#### [Your task]
A single number is the answer here: the count of lines in the data below that include the word "Mountain".

#### [Exercise data]
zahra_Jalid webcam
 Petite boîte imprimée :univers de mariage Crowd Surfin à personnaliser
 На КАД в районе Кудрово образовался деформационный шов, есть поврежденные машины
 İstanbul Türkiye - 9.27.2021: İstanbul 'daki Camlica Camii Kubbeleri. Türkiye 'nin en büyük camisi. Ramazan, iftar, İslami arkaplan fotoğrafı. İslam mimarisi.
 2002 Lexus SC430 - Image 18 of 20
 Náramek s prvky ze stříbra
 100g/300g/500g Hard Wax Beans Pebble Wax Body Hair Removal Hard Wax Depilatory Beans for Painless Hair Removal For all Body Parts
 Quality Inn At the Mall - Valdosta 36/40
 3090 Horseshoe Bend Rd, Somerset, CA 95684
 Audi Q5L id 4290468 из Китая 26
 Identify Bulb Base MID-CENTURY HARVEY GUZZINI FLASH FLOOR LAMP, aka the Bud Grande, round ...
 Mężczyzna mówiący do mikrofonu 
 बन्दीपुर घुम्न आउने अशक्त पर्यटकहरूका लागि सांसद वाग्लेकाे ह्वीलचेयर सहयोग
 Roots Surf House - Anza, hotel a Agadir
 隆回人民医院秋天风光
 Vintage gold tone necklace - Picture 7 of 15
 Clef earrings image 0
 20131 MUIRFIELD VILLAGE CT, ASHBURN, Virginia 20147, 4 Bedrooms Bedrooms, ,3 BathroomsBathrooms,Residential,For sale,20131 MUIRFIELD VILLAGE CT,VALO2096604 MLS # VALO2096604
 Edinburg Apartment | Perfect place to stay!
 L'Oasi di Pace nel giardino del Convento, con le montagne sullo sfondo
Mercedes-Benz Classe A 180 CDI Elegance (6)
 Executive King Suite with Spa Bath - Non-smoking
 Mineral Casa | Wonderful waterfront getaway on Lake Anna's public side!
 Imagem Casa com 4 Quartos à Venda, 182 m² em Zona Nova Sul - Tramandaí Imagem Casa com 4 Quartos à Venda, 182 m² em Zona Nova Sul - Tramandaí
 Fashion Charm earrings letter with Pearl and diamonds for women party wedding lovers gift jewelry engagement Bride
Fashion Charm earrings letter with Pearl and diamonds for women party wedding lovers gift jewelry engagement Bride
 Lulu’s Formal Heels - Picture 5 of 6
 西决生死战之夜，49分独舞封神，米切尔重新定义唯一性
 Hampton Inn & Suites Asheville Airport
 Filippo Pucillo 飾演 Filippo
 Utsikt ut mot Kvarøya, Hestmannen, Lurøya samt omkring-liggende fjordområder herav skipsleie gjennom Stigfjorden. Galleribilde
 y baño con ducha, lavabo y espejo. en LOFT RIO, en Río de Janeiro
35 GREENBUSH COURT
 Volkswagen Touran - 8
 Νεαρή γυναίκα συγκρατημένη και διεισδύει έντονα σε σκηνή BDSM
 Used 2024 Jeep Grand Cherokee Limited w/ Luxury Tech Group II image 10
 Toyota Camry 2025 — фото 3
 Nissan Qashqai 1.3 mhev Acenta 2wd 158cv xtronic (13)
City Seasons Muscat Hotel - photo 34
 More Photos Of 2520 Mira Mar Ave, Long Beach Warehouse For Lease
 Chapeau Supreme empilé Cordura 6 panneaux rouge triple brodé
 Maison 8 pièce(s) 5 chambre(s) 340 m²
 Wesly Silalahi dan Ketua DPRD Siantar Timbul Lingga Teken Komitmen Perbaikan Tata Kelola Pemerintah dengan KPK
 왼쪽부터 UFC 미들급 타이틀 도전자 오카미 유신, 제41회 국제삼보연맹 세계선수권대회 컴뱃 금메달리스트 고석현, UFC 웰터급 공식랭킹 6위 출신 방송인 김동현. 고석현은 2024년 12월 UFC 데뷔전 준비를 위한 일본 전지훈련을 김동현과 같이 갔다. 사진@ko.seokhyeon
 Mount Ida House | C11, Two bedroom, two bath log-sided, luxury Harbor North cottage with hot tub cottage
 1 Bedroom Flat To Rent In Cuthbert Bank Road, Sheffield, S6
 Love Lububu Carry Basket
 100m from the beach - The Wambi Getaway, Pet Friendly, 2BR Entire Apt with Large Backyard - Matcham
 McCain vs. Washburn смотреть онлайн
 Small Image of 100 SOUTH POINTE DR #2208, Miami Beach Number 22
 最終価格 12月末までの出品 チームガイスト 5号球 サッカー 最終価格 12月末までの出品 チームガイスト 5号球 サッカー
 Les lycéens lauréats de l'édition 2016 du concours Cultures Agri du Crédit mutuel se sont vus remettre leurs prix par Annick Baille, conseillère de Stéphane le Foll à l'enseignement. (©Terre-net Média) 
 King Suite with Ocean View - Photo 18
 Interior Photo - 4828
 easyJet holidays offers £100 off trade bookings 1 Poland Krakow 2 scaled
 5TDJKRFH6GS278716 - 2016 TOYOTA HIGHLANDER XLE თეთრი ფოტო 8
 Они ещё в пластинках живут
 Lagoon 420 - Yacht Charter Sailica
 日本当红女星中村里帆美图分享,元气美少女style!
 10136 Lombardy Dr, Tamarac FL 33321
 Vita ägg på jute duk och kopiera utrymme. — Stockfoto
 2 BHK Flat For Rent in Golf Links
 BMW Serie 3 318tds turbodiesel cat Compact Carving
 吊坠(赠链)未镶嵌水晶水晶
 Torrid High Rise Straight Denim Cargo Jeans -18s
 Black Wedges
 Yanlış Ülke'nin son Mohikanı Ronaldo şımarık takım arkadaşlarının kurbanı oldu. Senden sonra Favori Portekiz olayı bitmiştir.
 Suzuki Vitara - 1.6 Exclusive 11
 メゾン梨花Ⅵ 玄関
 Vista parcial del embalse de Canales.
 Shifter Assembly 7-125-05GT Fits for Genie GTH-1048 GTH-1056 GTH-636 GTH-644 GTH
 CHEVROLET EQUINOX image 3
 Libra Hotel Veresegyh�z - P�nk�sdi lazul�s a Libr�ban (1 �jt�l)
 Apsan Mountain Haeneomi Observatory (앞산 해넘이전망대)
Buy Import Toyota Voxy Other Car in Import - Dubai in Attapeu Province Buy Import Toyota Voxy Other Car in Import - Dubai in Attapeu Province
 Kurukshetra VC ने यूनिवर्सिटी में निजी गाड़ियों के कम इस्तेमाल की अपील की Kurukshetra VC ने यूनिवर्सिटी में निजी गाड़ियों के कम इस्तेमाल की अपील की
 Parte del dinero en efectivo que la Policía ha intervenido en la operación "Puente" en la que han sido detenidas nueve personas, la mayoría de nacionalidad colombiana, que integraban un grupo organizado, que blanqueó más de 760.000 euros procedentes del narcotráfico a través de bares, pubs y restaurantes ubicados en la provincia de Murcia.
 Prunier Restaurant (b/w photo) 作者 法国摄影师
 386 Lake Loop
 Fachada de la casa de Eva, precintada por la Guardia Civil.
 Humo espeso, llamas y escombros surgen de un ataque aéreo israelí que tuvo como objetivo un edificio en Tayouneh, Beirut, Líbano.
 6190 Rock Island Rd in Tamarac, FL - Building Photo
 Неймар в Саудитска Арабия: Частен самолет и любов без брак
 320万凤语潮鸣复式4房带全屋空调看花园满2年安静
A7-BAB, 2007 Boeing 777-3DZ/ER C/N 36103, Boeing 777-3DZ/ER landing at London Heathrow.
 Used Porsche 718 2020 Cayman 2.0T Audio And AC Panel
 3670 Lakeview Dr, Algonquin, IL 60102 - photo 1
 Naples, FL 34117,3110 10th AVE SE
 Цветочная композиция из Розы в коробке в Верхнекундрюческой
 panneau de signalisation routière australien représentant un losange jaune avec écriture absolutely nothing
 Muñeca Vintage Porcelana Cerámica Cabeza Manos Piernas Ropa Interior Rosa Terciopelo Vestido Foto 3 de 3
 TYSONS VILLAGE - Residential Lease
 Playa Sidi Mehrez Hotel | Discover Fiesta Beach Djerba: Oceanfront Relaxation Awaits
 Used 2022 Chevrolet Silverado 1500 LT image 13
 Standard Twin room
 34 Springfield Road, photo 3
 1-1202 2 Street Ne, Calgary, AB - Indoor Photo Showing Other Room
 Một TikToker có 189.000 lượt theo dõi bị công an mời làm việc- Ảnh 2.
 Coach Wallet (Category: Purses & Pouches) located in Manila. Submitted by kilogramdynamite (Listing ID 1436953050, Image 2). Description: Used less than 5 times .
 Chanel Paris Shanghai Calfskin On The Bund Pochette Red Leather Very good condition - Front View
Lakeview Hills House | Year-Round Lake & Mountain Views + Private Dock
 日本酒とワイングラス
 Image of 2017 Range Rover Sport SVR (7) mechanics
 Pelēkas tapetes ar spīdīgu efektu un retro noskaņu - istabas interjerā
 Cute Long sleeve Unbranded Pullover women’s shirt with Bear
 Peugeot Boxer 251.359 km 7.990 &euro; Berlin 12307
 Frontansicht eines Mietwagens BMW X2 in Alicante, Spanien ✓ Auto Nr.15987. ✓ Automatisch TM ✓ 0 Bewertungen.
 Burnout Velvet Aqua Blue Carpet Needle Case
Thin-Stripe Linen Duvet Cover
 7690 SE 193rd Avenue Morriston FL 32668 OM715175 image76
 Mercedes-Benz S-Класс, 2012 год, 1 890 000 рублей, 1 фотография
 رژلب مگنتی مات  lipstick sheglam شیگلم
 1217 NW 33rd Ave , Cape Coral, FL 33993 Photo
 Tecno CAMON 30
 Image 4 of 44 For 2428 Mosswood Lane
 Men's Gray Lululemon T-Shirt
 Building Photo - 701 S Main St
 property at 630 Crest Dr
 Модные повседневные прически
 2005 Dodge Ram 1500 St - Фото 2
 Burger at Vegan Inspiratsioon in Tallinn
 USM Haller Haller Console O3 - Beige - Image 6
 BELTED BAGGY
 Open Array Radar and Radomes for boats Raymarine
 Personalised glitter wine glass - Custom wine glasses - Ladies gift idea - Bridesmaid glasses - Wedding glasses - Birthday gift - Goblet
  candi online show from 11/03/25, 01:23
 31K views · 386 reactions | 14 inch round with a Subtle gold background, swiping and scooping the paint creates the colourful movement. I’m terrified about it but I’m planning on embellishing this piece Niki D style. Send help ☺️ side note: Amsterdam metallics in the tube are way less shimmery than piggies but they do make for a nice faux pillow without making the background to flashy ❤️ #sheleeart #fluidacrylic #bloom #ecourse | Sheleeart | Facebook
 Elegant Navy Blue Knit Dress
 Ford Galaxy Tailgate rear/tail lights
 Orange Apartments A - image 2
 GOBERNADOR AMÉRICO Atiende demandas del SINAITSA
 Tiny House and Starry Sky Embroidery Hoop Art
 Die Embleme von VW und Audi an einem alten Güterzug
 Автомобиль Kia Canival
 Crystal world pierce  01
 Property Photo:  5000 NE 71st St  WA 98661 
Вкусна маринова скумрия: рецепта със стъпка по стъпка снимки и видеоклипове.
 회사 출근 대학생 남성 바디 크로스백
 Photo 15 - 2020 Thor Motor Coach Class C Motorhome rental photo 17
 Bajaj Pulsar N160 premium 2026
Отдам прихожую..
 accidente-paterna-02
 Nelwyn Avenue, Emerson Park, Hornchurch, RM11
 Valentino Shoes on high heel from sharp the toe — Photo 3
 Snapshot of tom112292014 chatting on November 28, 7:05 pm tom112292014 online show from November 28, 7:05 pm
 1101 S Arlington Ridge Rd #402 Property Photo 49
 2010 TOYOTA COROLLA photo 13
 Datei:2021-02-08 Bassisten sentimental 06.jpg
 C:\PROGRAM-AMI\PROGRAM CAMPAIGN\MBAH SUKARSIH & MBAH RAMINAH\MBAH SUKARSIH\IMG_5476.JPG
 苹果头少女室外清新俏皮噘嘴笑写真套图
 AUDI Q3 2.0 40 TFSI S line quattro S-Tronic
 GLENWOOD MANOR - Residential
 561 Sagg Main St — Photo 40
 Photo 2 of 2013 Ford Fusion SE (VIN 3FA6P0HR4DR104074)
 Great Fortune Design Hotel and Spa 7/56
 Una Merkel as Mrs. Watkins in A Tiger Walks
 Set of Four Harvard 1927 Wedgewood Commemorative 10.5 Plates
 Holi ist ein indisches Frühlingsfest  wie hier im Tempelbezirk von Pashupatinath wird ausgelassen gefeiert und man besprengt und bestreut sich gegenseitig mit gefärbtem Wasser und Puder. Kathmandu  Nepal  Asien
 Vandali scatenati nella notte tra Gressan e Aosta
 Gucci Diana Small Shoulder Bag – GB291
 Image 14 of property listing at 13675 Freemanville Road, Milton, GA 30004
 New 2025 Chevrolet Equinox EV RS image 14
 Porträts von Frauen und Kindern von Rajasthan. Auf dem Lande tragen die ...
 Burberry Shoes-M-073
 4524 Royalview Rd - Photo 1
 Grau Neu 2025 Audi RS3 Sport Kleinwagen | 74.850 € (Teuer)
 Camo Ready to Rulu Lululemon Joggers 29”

#### [Problem solution]
2